Winter is a time when I often revisit areas of training. I should probably be more methodical in this approach but more often than not it is something that goes wrong that leads me to the first job in hand.
One of the biggest jobs, and one I am revisiting for the umpteenth time right now, is the stop and start cue. Stop and start underpin everything we ever do, they are the basic cues for everything from regular handling around the yard through to riding; they need to be solid.
I noticed my stop cue had got a little fuzzy when riding exercises to help the canter come through from behind and have that bit extra energy and verve. To be certain that I had no unintended control via the sidepull I took up the cordeo and rode from that alone. A few canter departs later and he was starting to get the hang of offering a little more jump in the transition but he was less keen to hear my stop cue.

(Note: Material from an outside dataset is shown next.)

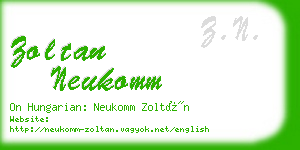 zoltan neukomm business card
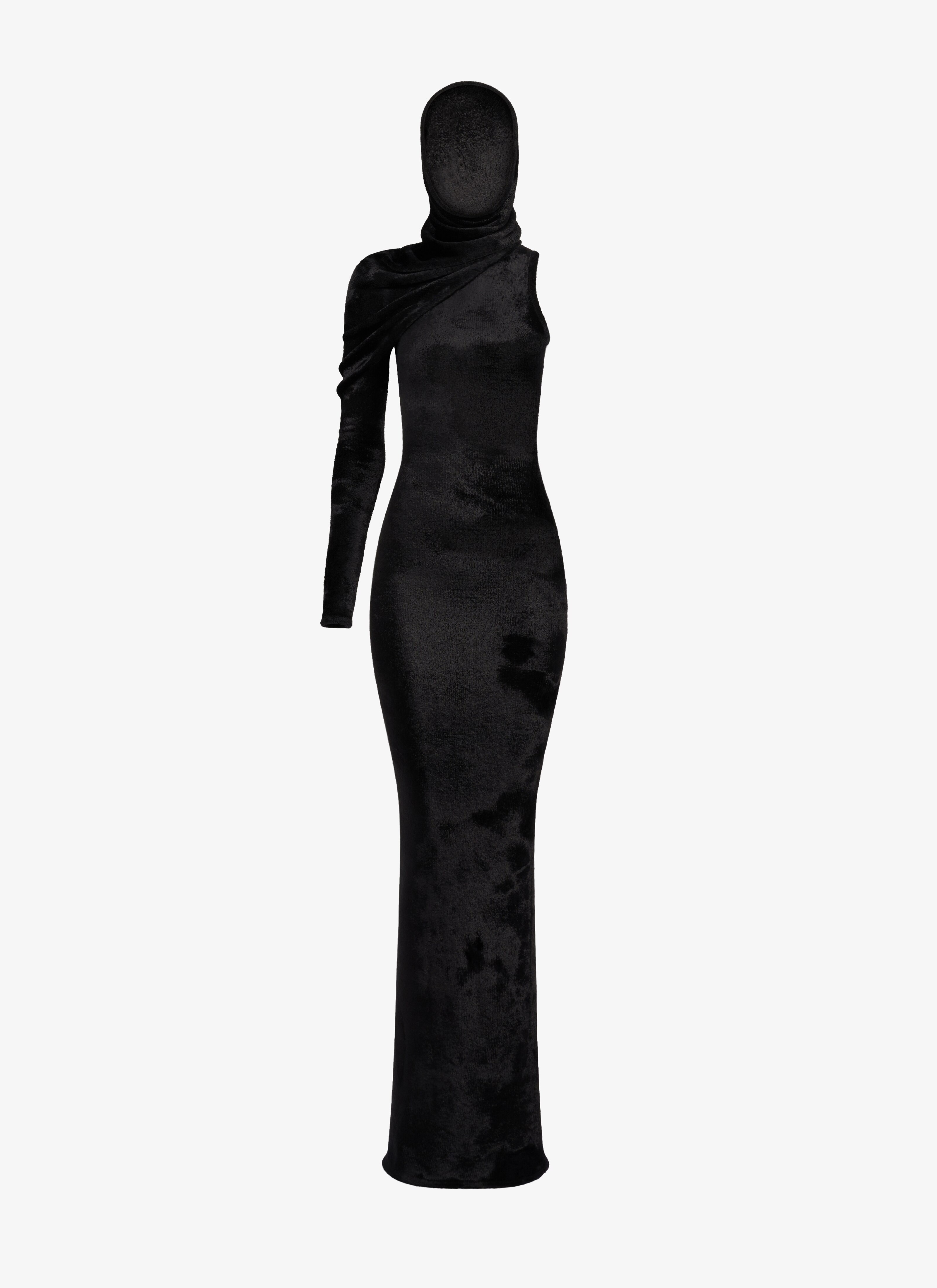 SHINY VELVET HOOD DRESS - 6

Usually a light lift of the cordeo timed with a breathing off with the legs and he is waiting for the close of the seat and STOP. What I was getting was a slowing of the canter, more containment but no stop (until I used the voice which is why it is so handy to have depth in terms of cues). My first question was ‘what has changed?’. Well that’s easy, we have moved on! More depth in terms of transitions, some being directly between paces, some being more like half halts and so many shades within those as well.
Second question ‘How do I put it right?’. As always it’s back to basics and then re-build. Next session I took my clicker and underlined the stop/start in-hand – of course you don’t need a clicker if that’s not your thing but Chapiro is a dedicated clicker fan. Then we took it to the ridden work in very simple terms and just broke everything down into simple yes/no choices. Halt to walk, walk to halt. Then on to walk to trot and trot to walk all with major rewarding and ending on a good note.
This is just the beginning of reinforcing the stop/go cues in all their forms and it is so hard it sometimes makes my brain ache because I am trying to be so clear and make each nuance count.Trust me there are many nuances and the further you train the more there are;
I am still at the beginning but there are already so many. Your horse maybe expected to decipher a walk cue from a trot cue, a slowing of the trot but not to the point of walk cue from a trot/walk cue, a natural trot cue from a working trot cue…the list is endless.
None of the nuances can be sensed by horse or rider if the hand is tight on the rein and the horse is tight into the rein; let go and test your cues, you might be surprised!